According to the National Weather Service, Slate Creek, near Wellington, has crested at rather high levels in the past few decades.  
On July 31st of this year, it reached a height of 20.07 feet.  During the Flood of 2016, Slate Creek reached 23 feet on Sept. 10th of that that year.  On April 27th of 2009, Slate Creek peaked at 23.80 feet.  The year before that, the creek reached 24.28 feet on Sept. 13th, 2008.  The highest recorded amount, however, was 25.82 feet on June 17th, 1975.
Water begins to overflow the banks when it reached nineteen feet.  Minor low land flooding can be expected along the creek.  
When the creek reached 23.5 feet, the Kansas Turnpike will begin to flood between mile marker 14 and 15 which is near the vicinity of Slate Creek. Expect possible road closure near this section of the turnpike if creek continues to rise.
Finally, when the creek reaches 25.7 feet, water begins to flow across Highway 81 just to the north of the river gage site located south of town.

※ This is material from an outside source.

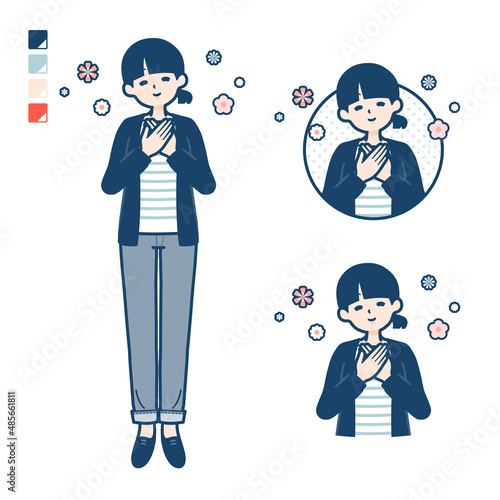 ひとつ結びヘアーの女性が安らいでいるイラスト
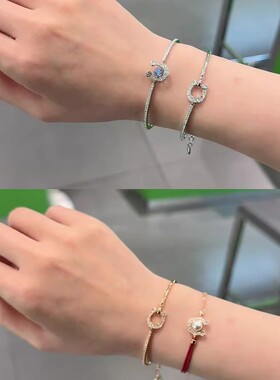 2026新款施家马蹄扣珍珠小红绳手链轻奢红色水钻项链女金色锁骨链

Slate Creek lends itself to two locales near its route after it leaves Wellington.  Slate Creek Wildlife Area is southwest of Oxford.  It covers 947 acres, of which fifty are wetlands.  There is no automobile traffic allowed in the wetlands, but hiking in this area makes for a very positive experience for the wildlife.  
White-tailed deer, coyotes, raccoons, and muskrats are often spotted in this area.  Many varieties of birds can also be seen, as many avid bird watchers and photographers can be seen in this area.  
A small observation tower is installed in the area.
Slate Creek Bed and Breakfast is also located not far from there.  It has been the location of many a wedding or get-together over the years.  
Southeast of Oxford, Slate Creek empties into the Arkansas River.